EXERCISE
The listing below must be repeated word for word, with its images excluded.

DATA EXCERPT
........
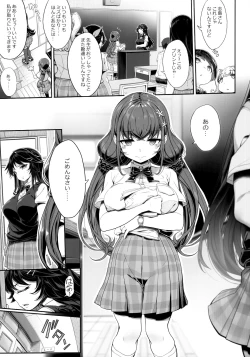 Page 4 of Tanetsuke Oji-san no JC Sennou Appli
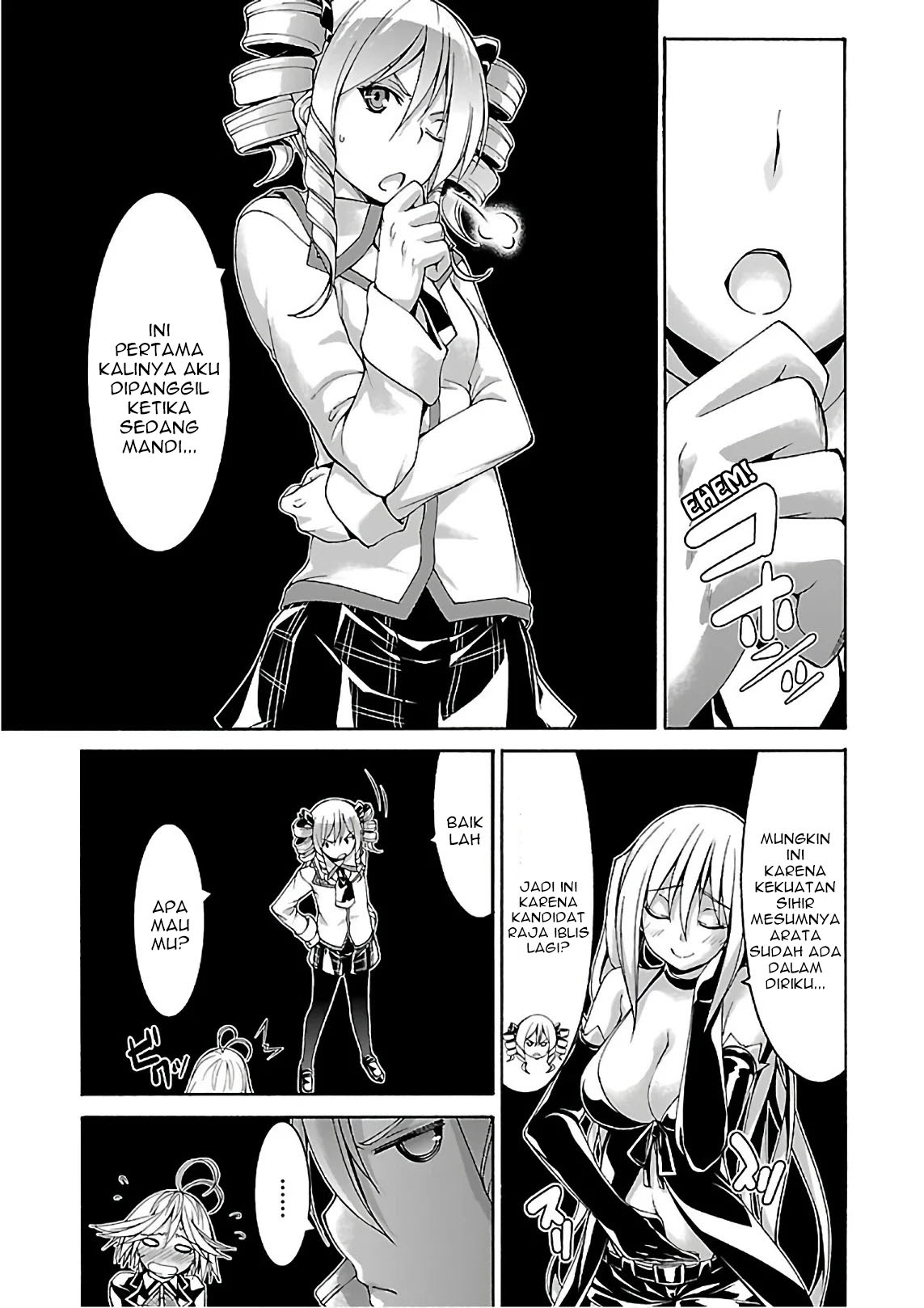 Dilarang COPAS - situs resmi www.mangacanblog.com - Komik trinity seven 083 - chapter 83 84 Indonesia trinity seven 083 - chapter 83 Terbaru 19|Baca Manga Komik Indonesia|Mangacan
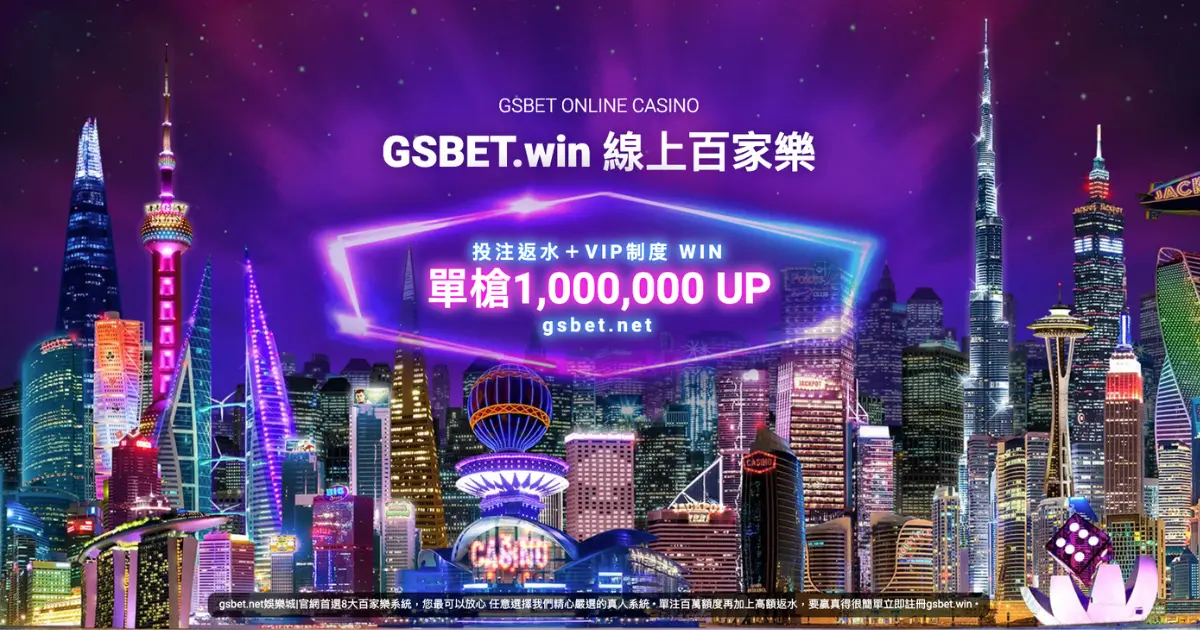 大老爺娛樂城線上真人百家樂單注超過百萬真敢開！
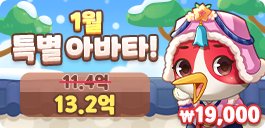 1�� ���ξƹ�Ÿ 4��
........
RESPONSE BELOW
 Page 4 of Tanetsuke Oji-san no JC Sennou Appli
 Dilarang COPAS - situs resmi www.mangacanblog.com - Komik trinity seven 083 - chapter 83 84 Indonesia trinity seven 083 - chapter 83 Terbaru 19|Baca Manga Komik Indonesia|Mangacan
 大老爺娛樂城線上真人百家樂單注超過百萬真敢開！
 1�� ���ξƹ�Ÿ 4��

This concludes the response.